CHP’de genel seçim yenilgisinden sonra yeni arayışlar devam ediyor. Seçimden sonra Kılıçdaroğlu istifa baskılarına direndi. İmamoğlu’nun çabaları başarılı olamadı. İstanbul’a razı görünüyor. Havlu atmış gibi bir izlenimi var. CHP yüzüncü yılını kutladı. Tüm Türkiye’de kutlamalar oldu. Türkiye çapında yapılan kutlamalarda, görkemli bir kutlama görülmedi. Eskişehir’de de yapılan kutlamalar yasak savma şeklindeydi. CHP Kurultay süreci ile birlikte yenilginin izlerini silmeye çalışıyor.
O milletvekili oldu
Bugün hiçbir siyasi partinin üyesi değilim. 12 Eylül den sonra CHP açıldığında üye olmuştum. Deniz Baykal döneminde çok kişi partiden istifa etmişti. Bende onlarla istifa ettim. Bir daha da dönmedim. O dönemde İbrahim Arslan da o dönemde istifa etmişti. Sonra o döndü ve bugün Eskişehir milletvekilidir.
12 Eylül özellikle bizim 1978 kuşağını ezdi ve geçti.
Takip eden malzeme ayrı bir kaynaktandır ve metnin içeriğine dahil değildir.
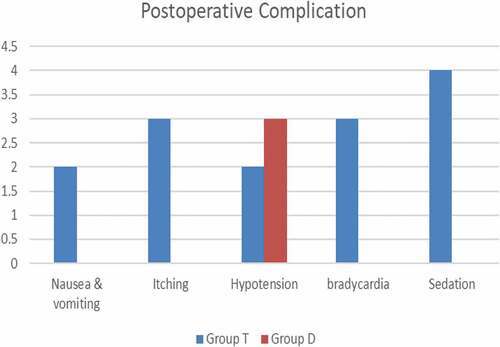 Figure 3. Comparison of postoperative complications between both studied groups.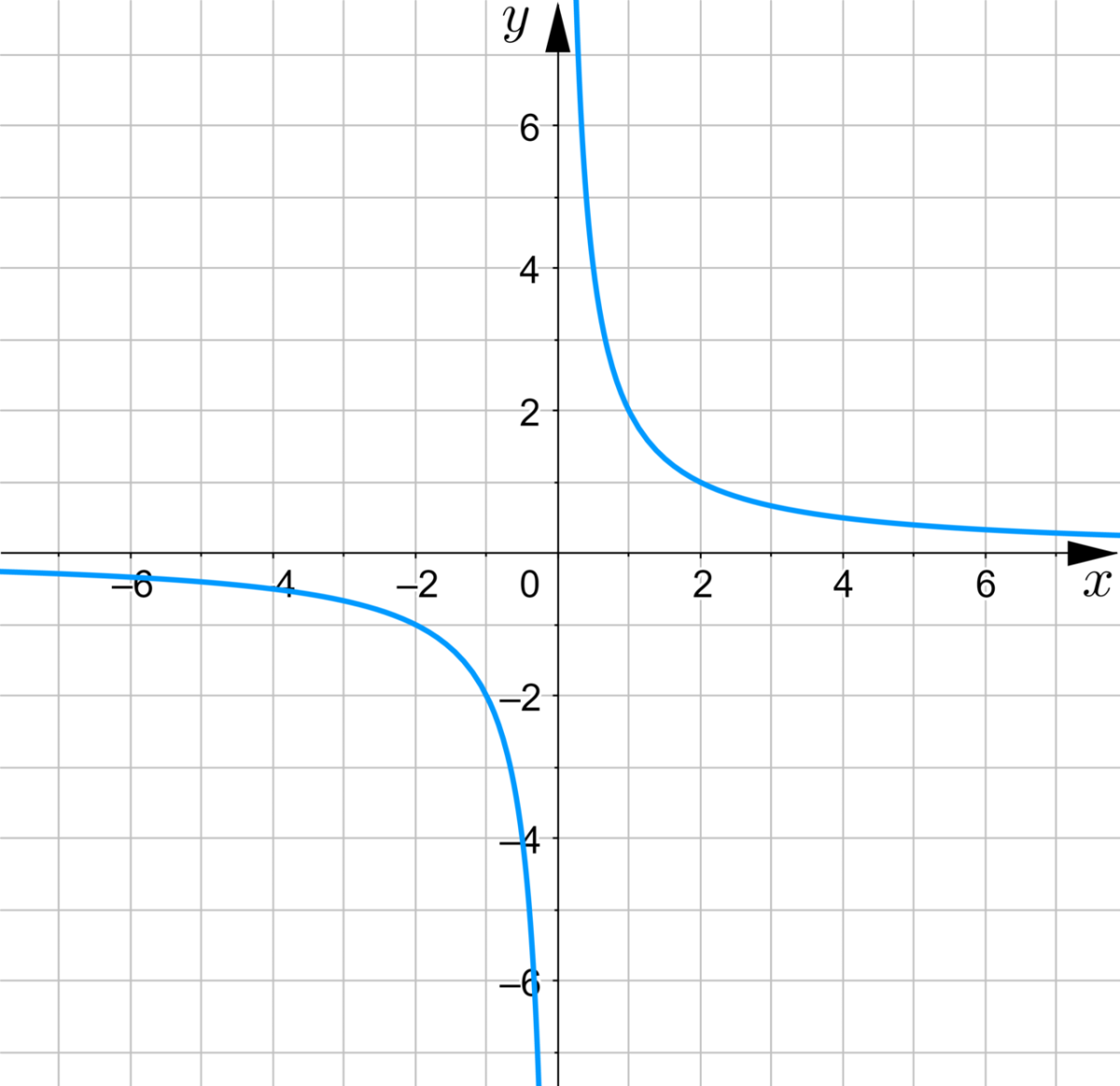 Функция y x1 3. Гипербола график функции. Гипербола функция y=1/x. Гипербола график функции и формула. Гипербола в алгебре график.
Bizden önceki 1968 kuşağı ise dünyaya ve Türkiye’ye damgasını vurdu. 1978 kuşağı bir anlamda kayıp kuşaktır. Sol veya sağ bu ülkenin en akıllı insanları hayatlarını kaybettiler. Her iki kesiminde akıllı çocukları, gençleri çok farklı bir dünya ve Türkiye istiyordu. Hayatlarından oldular. Türkiye bugün o gençlerin yokluğunu çekiyor.
DELEGE AĞALIĞI
12 Eylülü yaşamış biri olarak, CHP açıldığında üye olduk. O dönemde Milliyet de çalışıyordum. CHP açıldığında, maaşımı alıp, CHP üyelik aidatını ödedikten sonra üye olacaktım. Üye olacağım ay maaşımı bekledim. Maaşı alır almazda, CHP’nin yolunu tuttum. Partiye gittiğimde, partinin salonunda bir kişi vardı. Üye olacaklara para dağıtıyordu. Ondan parayı alan üye oluyordu. Merak ettim. Geçmiş zaman, burada şimdi ismini yazmak istemiyorum. Şu kadarını söyleyeyim. Oğlu son genel seçimde milletvekili aday adayı olmuştu. Neyse, ben kendi paramı verdim. Ondan para alanlarda üye oldu. Sonra genel seçim kapıya geldi. O zaman ön seçim vardı. O para alıp üye olanların oy kullandığı ön seçim ile parayı veren kişi listenin birinci sırasına oturdu. Milletvekili oldu.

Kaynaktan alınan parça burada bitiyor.